*** Begin section ***

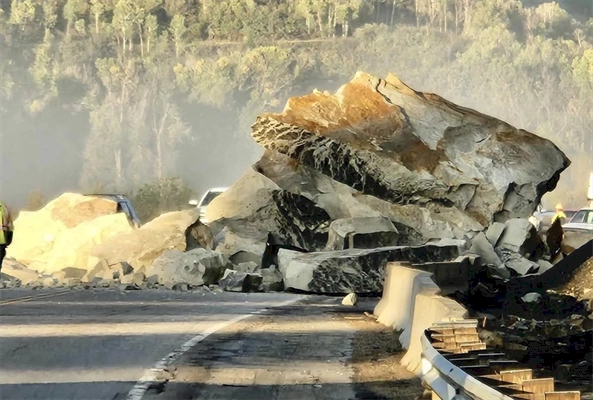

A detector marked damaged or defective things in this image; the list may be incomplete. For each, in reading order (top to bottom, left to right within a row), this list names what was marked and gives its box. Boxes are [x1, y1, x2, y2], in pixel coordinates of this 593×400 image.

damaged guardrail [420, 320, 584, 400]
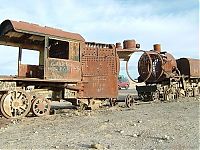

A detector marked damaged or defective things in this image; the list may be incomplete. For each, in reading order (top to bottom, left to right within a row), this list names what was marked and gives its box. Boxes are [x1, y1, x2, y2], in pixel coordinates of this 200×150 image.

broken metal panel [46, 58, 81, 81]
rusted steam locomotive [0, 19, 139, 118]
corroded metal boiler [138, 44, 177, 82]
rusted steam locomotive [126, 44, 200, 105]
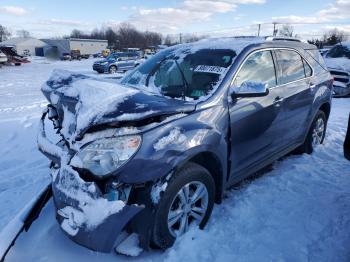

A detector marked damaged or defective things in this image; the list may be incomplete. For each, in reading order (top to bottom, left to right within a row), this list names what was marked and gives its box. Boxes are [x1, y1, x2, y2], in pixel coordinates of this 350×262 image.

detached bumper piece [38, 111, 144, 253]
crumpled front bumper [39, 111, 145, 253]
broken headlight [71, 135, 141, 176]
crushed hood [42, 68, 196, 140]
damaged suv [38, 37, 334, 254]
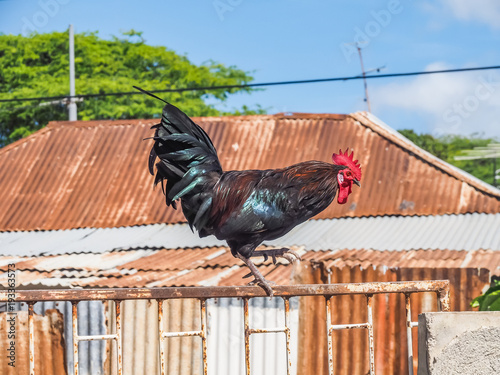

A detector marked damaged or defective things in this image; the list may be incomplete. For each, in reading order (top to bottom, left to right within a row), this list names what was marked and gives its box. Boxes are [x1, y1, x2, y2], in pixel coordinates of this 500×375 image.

*** End section ***

Assignment
Only the lines from the one containing "this 350×262 image." to the end of the listing belong in the answer, exactly as they stand and with no pictures.

Final answer
A detector marked damaged or defective things in this image; the list may be incomplete. For each, in reading order (top to bottom, left to right within a row), this list names what was marked and gives its box. Boxes are [x1, y1, x2, y2], in pixel coordinates of this 350×262 image.

detached bumper piece [38, 111, 144, 253]
crumpled front bumper [39, 111, 145, 253]
broken headlight [71, 135, 141, 176]
crushed hood [42, 68, 196, 140]
damaged suv [38, 37, 334, 254]

A detector marked damaged or defective things in this image; the list may be incomplete. For each, in reading order (top to bottom, left to right within a row), this list names what was marked and gives its box. Boxes are [x1, y1, x2, y2], in pixel coordinates of this 500×375 image.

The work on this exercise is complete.